**RAW DATA:**
****
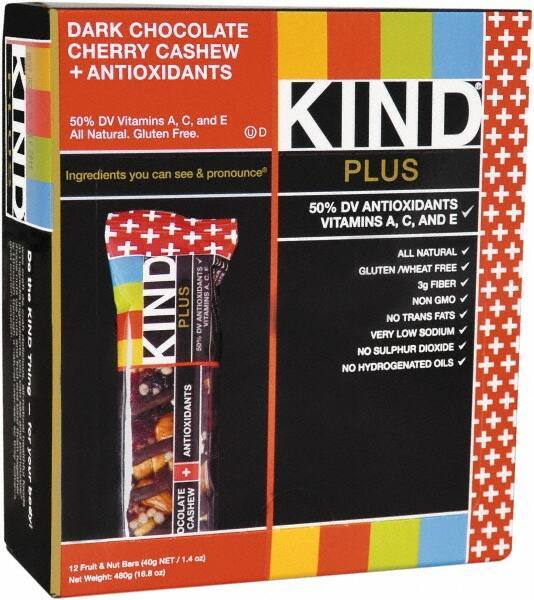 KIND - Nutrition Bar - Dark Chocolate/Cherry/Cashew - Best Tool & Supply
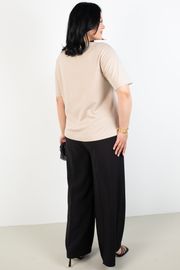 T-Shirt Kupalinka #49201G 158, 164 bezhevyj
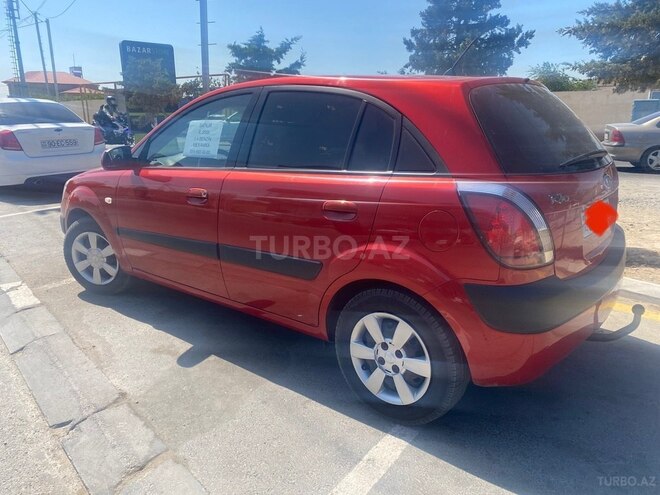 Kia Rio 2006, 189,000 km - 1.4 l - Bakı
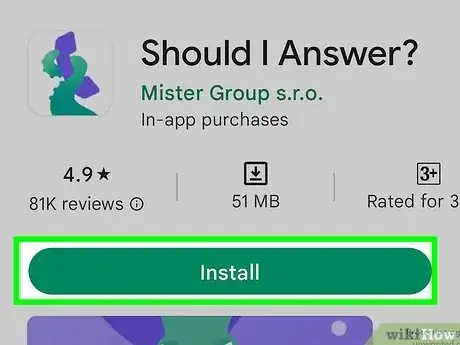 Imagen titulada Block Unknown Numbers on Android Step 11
****
**ASSIGNMENT:**
Reproduce exactly and only the lines from the line that contains "Kia Rio 2006, 189,000 km - 1.4 l - Bakı" to the end of the data above, both ends included. No pictures go in the copy.

**FINISHED EXERCISE:**
 Kia Rio 2006, 189,000 km - 1.4 l - Bakı
 Imagen titulada Block Unknown Numbers on Android Step 11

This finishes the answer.